Averages Quiz Set 003

The total increase of weight = 11 × 14 = 154. So the weight of the new bogie = 13 + 154 = 167 Kg.

Let the wage of a man and a woman be x and x - 5. We are given the average ${x × 412 + (x - 5) × 103}/{412 + 103}$ = 194. This equation can be solved for x to get Rs. 195 as the answer.

Let the annual spending be Rs. M. The catch in this question is that the spending remains fixed, so the consumption varies from year to year. We shall calculate the total consumption first. Let r1, r2 and r3 be the rates for the three successive years. Consumption in first year = M/r1. Similarly, we get M/r2 and M/r3. So total consumption is $M/{r1} + M/{r2} + M/{r3}$. Money spent in three years is 3M. So the required average = ${3M}/{M/{r1} + M/{r2} + M/{r3}}$ which simplifies to ${3r1r2r3}/{r1r2 + r2r3 + r3r1}$. Putting r1 = 10, r2 = 14, r3 = 16, we get $12{108/131}$. You might be wondering why I derived the formula first. The reason is that sometimes it is better to postpone calculations till the end.

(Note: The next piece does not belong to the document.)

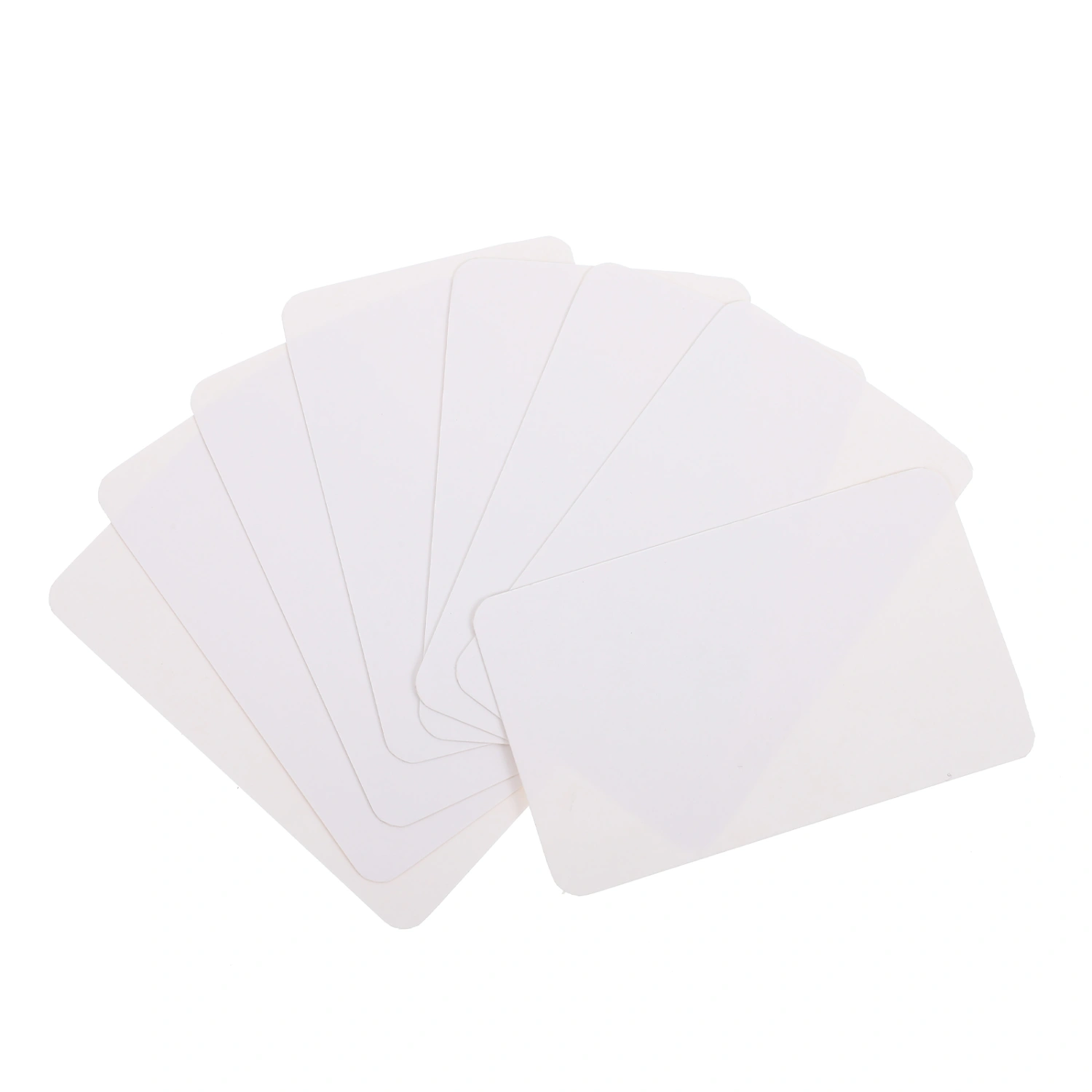200pcs Blank Card Diy Pure-color Paper Cards Vocabulary Card Paper Postcard
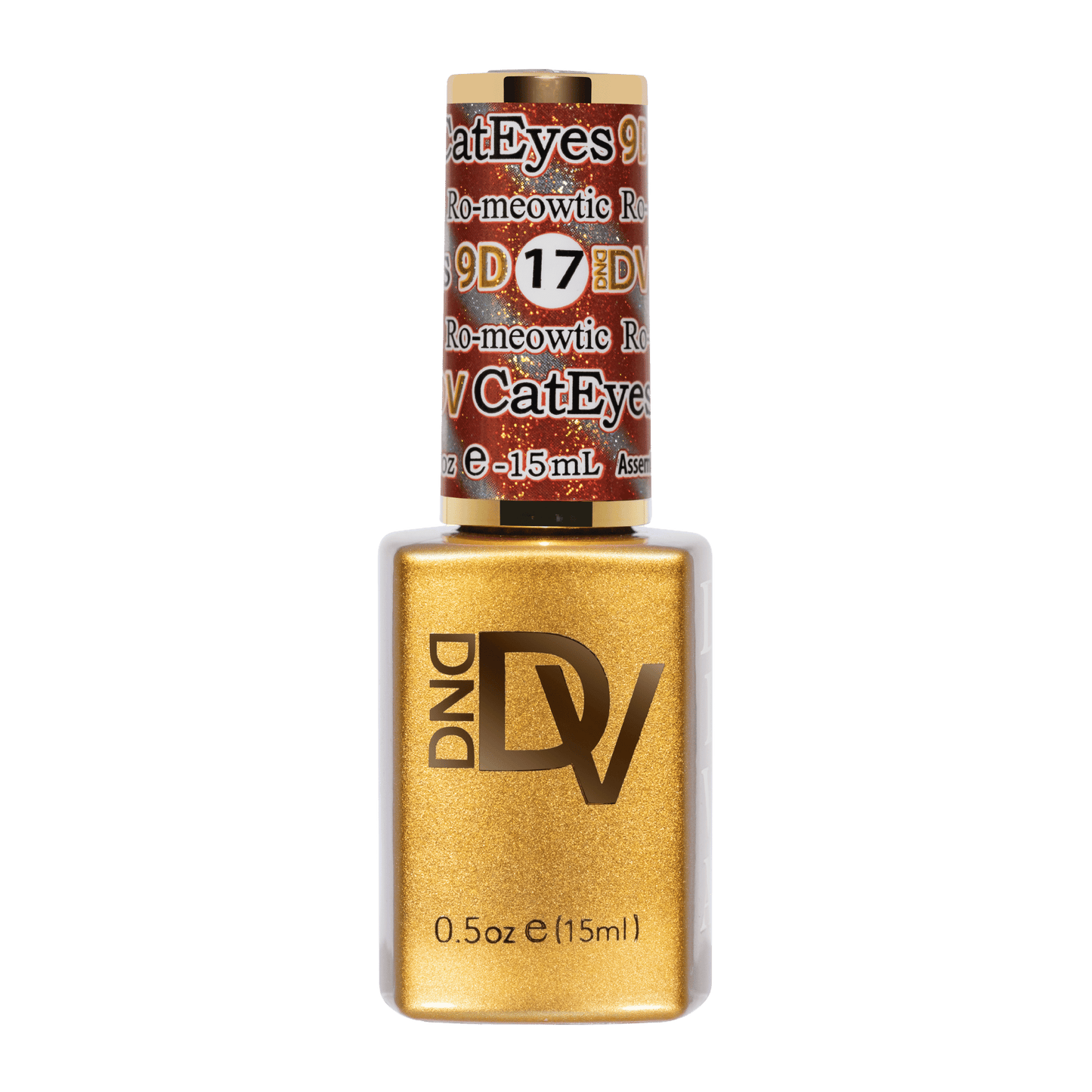 DIVA 9D #17 Cat Eye Candy - Ro-meowtic bottle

By the given conditions, A + B = 2 × 14 = 28. Similarly, B + C = 2 × 37 = 74. Adding we get A + 2B + C = 102. We have also been given that A + B + C = 3 × 26 = 78. Subtracting, we get B = 102 - 78 = 24.

Total weight of 17 students is 17 × 27 = 459. Similarly, the total weight of remaining 16 students is 16 × 33 = 528. The total weight of all 33 students is 459 + 528 = 987. So the average = 987/33 = $29{10/11}$.